SECTION 7. PRO FORMA APPLICATION

A Pro Forma application is similar to a Final Application with the following differences:

  • In lieu of making all of the required certifications, the applicant may describe the certifications that the applicant in good faith expects to make as part of the Final Application but that the applicant cannot yet make. If the applicant does not yet have sufficient information to make a certification, the applicant must describe the additional information it needs and how it intends to obtain that information.

  • If the applicant does not have sufficient information satisfactorily to complete the items described in Section 6(3)(a) through (e) of this notice, the applicant must provide the required information that is in its possession and must describe both whatever additional information is required by section 54B, by this notice, by the USFS, or by any affected State and how the applicant intends to obtain that information.

  • The certifications required by Section 6(3)(f) and Section 6(3)(g) are not required.

  • An executed election under section 54B(h) need not be included, but the applicant must state whether it intends to make the election.

SECTION 8. DRAFT OF FINAL APPLICATION

A draft of the Final Application is similar to a Final Application with the following difference:

  • The certifications required by Section 6(3)(f) and Section 6(3)(g) are not required.

SECTION 9. COORDINATION WITH FEDERAL AND STATE AGENCIES

(1) The IRS may consult with the USFS, the USFWS, and any State containing any of the land to be acquired.

(2) If the IRS receives applications for aggregate allocations that are in excess of the QFCB National Limitation or competing applications not all of which can be fulfilled (for example, because they relate in whole or in part to the same land), allocations will be made in a manner consistent with the recommendations of the USFS.

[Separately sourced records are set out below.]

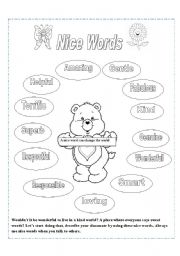 English Worksheet: Nice Adjectives to describe people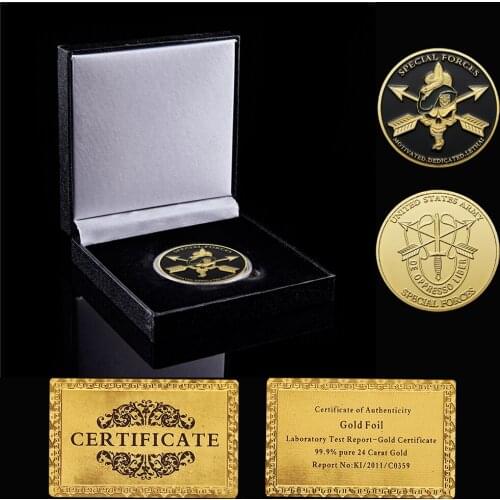 USA Military Green Berets Great Army Special Forces Challenge Gold Plated Coin Liberty Freedom W/ Luxury Box Decoration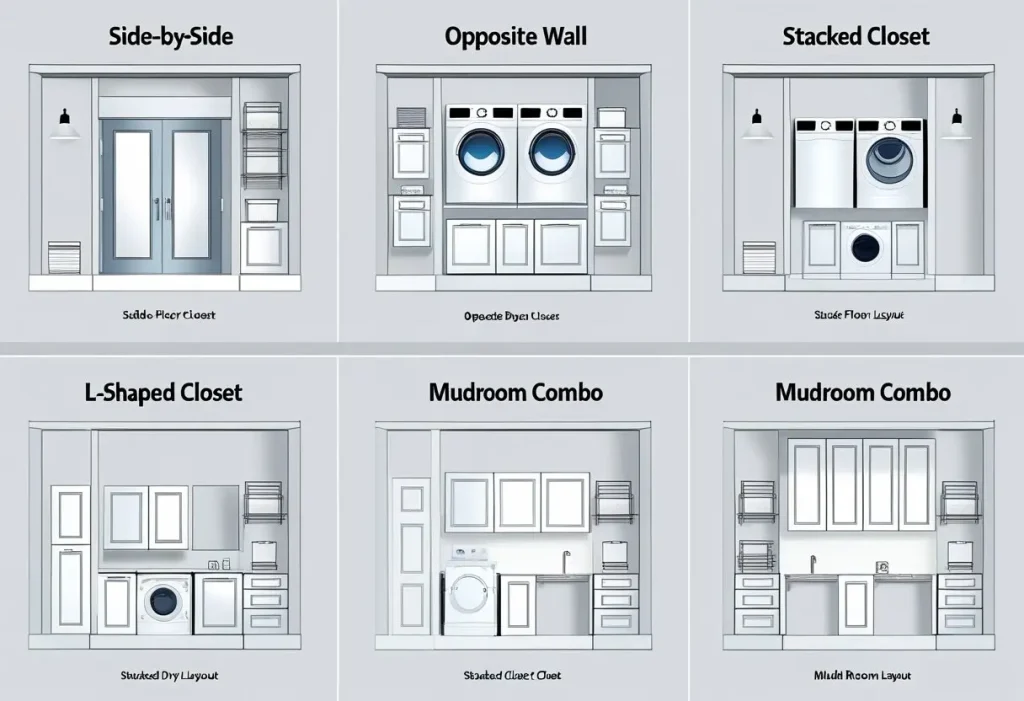 diagram of different laundry room layout ideas and floor plans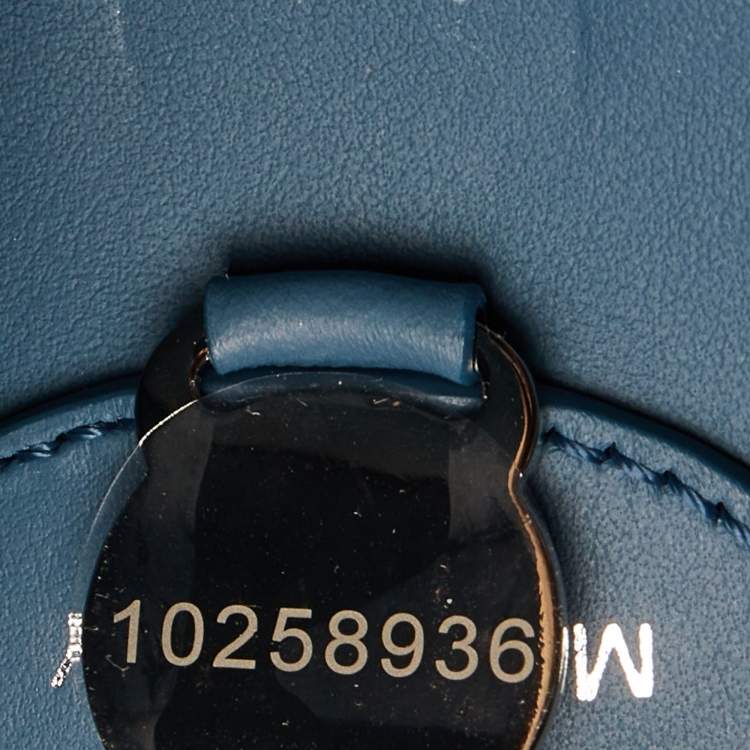 Pre Owned Mulberry Steel Blue Leather Blossom Tote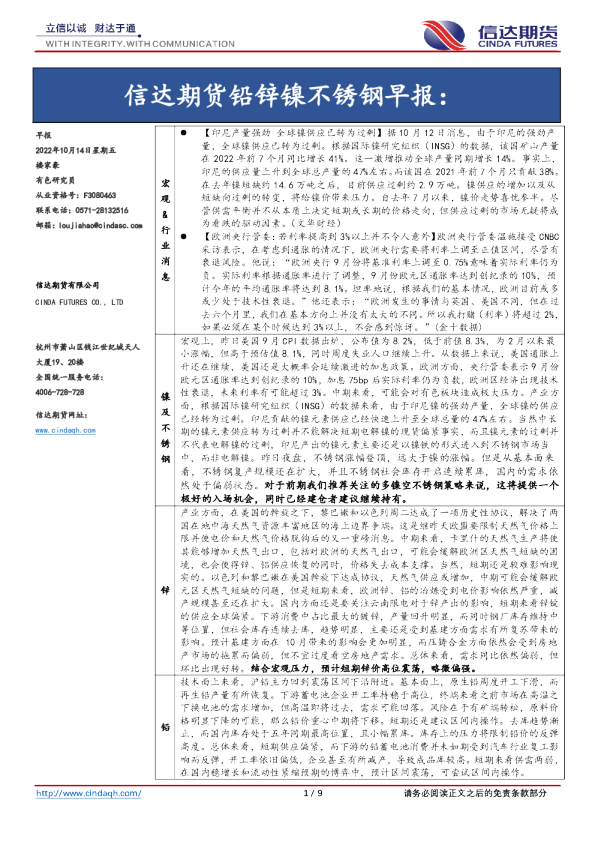 铅锌镍不锈钢早报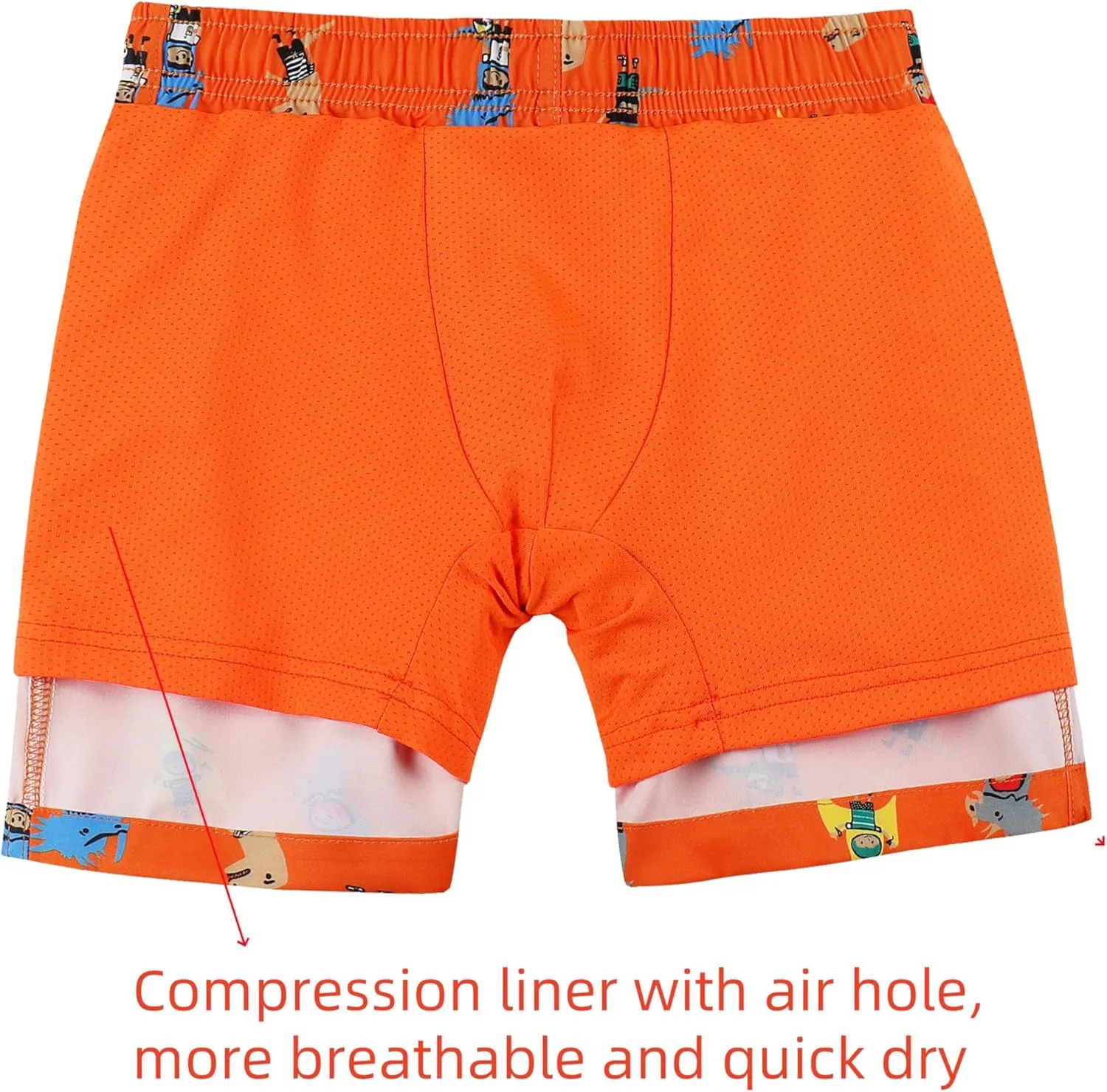 MILANKERR Toddler Boys Swim Trunks with Compression Air Holes Liner Quick Dry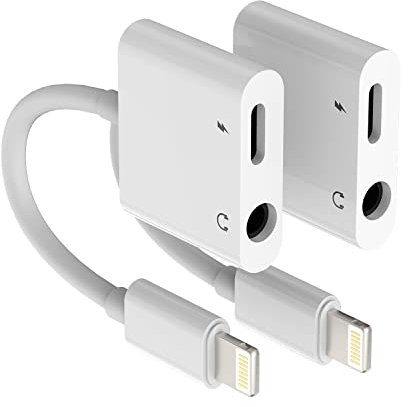 Adattatore Jack Lightning a 3,5mm Cuffie(2Pack) per iPhone iPad Aux Cavetto accessori per Apple Audio Cavo Auricolari Autoradio Caricatore Sdoppiatore Cavetto Headphone Prolunga Adapter ip-3.5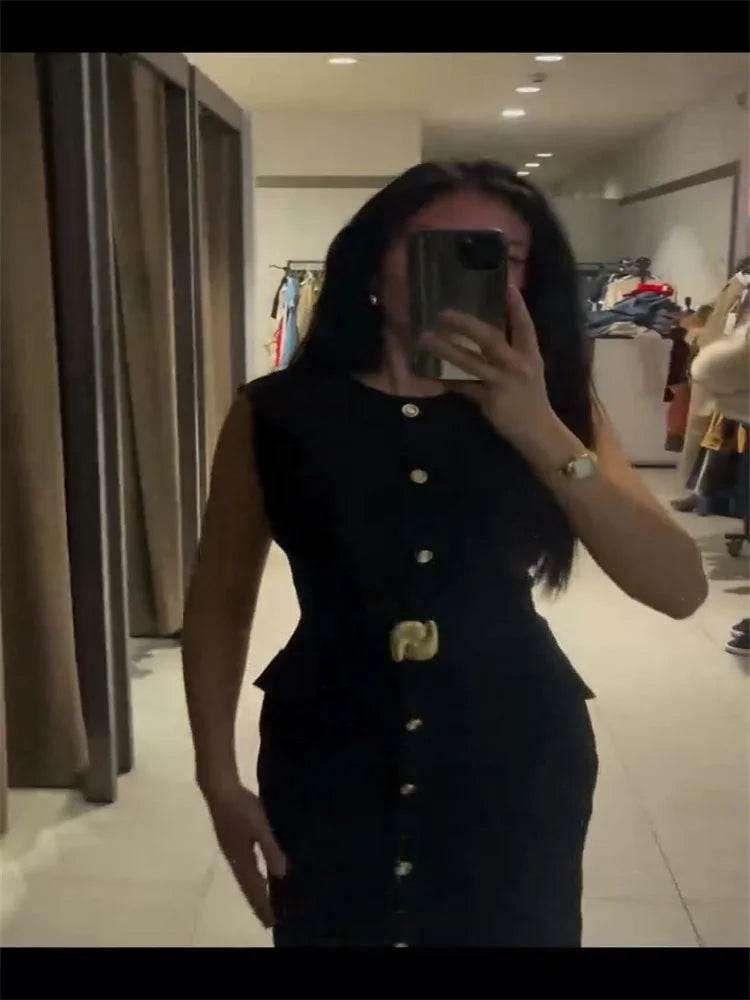 Black Long Dress Women With Belt Elegant Slim Single Breasted Sleeveless Front Split Dresses Female 2025 New Summer Lady Vestido - Empire P.E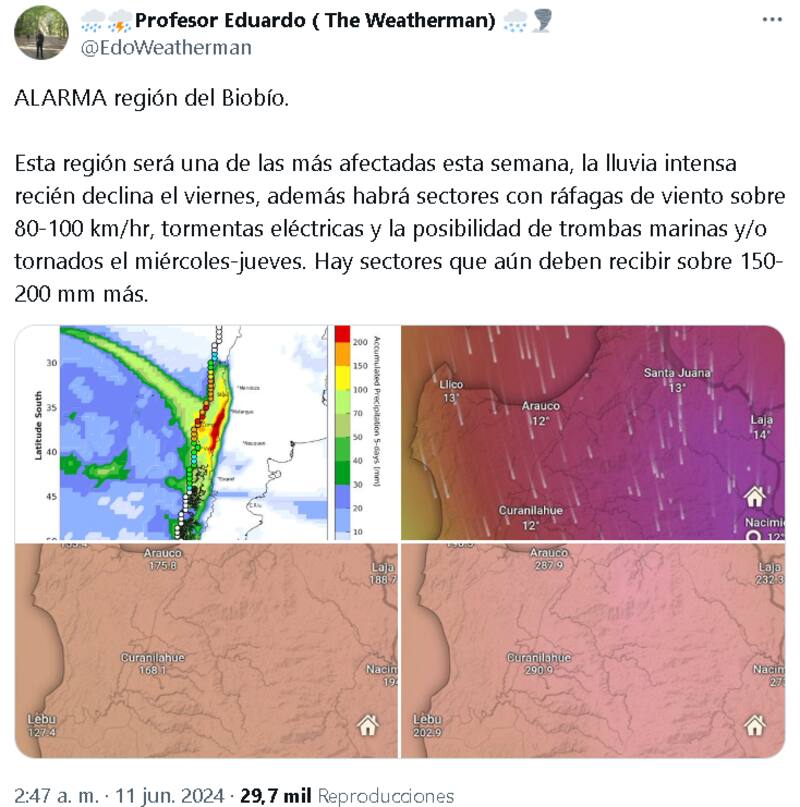 Pronóstico de Eduardo Varela. Créditos: @EdoWeatherman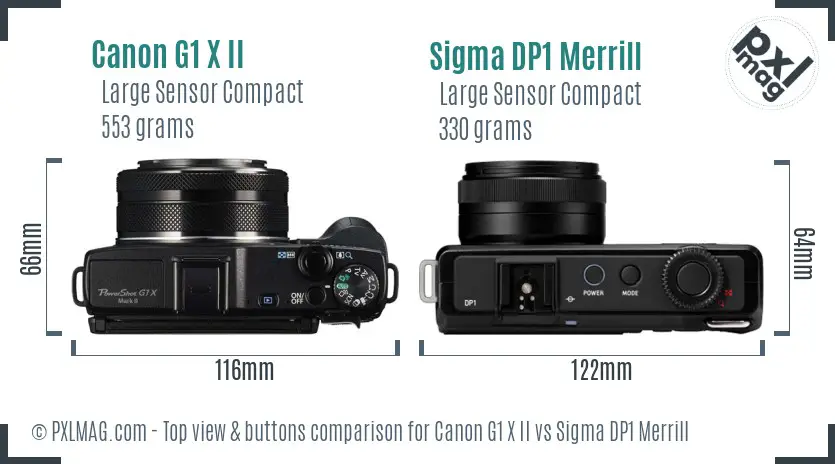 Canon G1 X II vs Sigma DP1 Merrill top view buttons comparison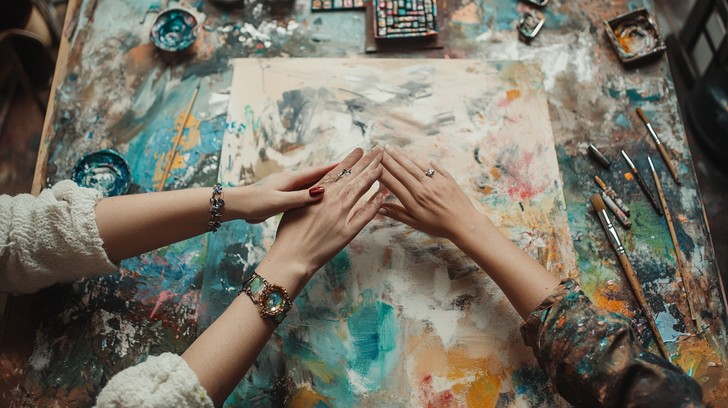 Download Artist Resting Hands Image - Artist, Hands, Canvas | StockCake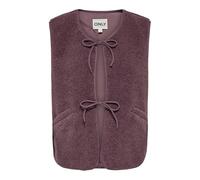 ONLY Damen Teddy Weste Sherpa Plüschweste mit Schleifen ONLBaby Teddy Bow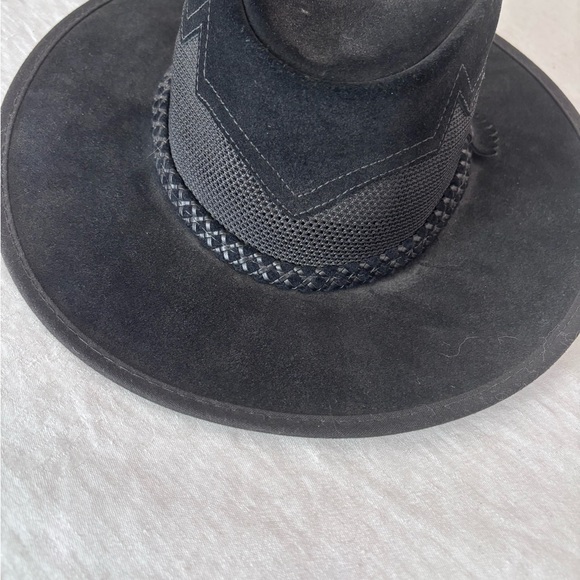 Monterey Bay Sirocco Waterproof Leather UPF 50 + Western Hat. Black 7-7 1/2 - Picture 2 of 11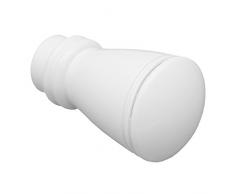 GARDINIA Embouts pour tringle Ã rideau, 2 embouts Siro, SÃ©rie Chicago, MÃ©tal, Blanc, DiamÃ¨tre: 20 mm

SECTION 10. CONSENT TO DISCLOSURE AND TO USE OF INFORMATION

(1) In order to provide the public with information on how the IRS has allocated the QFCB National Limitation, to disclose the resulting benefits to the USFS and to one or more States, and to facilitate oversight of the QFCB program, the IRS intends to publish the results of the allocation process. The published information will identify the specific allocations awarded and the successful applicants’ uses of the resulting funds. Section 6103 requires consent for the IRS to disclose the return information with respect to an applicant to which an allocation has been awarded. Therefore, the IRS requests that each applicant submit with its application a separate document, in the form set forth in Appendix A, consenting to the public disclosure by the IRS of the name of the applicant, the amount of the allocation, and certain other information, including a description (including the location) of the land to be acquired with the proceeds of QFCBs (or, if applicable, the refund of the deemed payment) and the disposition of the land so acquired. An authorized official of the applicant must sign the consent. An applicant is not required to provide this consent in order to receive an allocation. The IRS will not publish any return information with respect to applications that are not awarded an allocation of the QFCB National Limitation.

(2) In order for the USFS or the State to which land is transferred under section 54B to manage the land, the applicant must consent for the USFS or State, as applicable, to retain and make use of the information described in Appendix B that the applicant provided about the land either during the application process or in connection with the transfer of land or negotiating the contract to transfer land. The applicant is required to provide this consent, in the form set forth in Appendix B, in order to receive an allocation.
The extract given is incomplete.